After breakfast, I decided to head to the weekly Hippie Market. Many, many local vendors and artists selling their wares. I walked around for about an hour looking at the various stalls. I bought a few postcards and something that I could make into a Christmas ornament. It is surprising how similar art fairs, festivals and markets are all around the world. Obviously the art itself is distinctive, but the concept and the interaction with potential buyers is much the same.
A fountain in the middle of the Hippie Market:
After the Hippie Market, I headed back to the B&B to drop off my iPad and change into beach attire. Walking the quick block to the beach, I was joined by many other beach-goers on the sidewalk. When reaching the main beach boulevard, I was surprised to find that one entire side of the street (3 lanes) is closed on the weekends for foot traffic. There were so many people walking along the new boardwalk - walkers, runners, bikers, families, others. The beach is such a part of everyday life in Rio.

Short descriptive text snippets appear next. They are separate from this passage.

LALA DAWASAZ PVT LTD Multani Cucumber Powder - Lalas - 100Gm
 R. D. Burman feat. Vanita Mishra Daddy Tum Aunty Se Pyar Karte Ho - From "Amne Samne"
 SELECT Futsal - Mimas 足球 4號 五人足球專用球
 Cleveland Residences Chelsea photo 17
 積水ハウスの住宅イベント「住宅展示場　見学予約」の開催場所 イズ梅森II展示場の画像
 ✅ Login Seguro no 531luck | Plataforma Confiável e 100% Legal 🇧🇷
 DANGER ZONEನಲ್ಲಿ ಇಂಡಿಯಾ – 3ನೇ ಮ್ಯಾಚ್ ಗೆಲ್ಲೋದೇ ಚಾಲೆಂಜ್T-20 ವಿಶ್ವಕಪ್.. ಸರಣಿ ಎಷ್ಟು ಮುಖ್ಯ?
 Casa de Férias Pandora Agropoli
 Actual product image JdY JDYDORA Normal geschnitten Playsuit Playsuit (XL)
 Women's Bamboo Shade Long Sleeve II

Like so many others in Rio, numerous small entrepreneurs had set up shop right on the beach to rent chairs and umbrellas, but will then also set them up and serve you drinks and food during your entire stay. The chair was 5 reals, umbrella was 10 reals and the freshest Pina Colada I've ever had was 15 reals. An incredible day on the beach for less than $15. The exchange rate is approx 2.2 reals per $1.
Views from various points on the beach:
After getting settled, the beach was the not the quiet reprieve I had expected. Relaxing, yes; picturesque, yes; but not quiet. There is a constant stream of vendors selling their wares on the beach. The typical things were welcome - drinks, food, suntan lotion and beach blankets. But then there were vendors selling jewelry, bathing suits, cigarettes, etc. The sheer number of the vendors was overwhelming, there was easily a different vendor going by every 30-45 seconds, sometimes, multiple vendors all at once. Some of the selections left we wondering about food safety violations - for example, 5 shrimp on a skewer being transported completely exposed on a tray on the beach for extended periods of time. Needless to say I didn't wave down any of the vendors.
I had heard jokes for years about the swimsuits in Brazil; the Brazilian cut, etc. I can fully attest to everything that you may have heard. The women's swimsuits are mere strings of material...and the men's are not much larger. I now fully understand the term Brazilian wax and the need for it. There has never been any better marketing and advertising placement, than the overhead plane ad for a "Full Brazilian Wax".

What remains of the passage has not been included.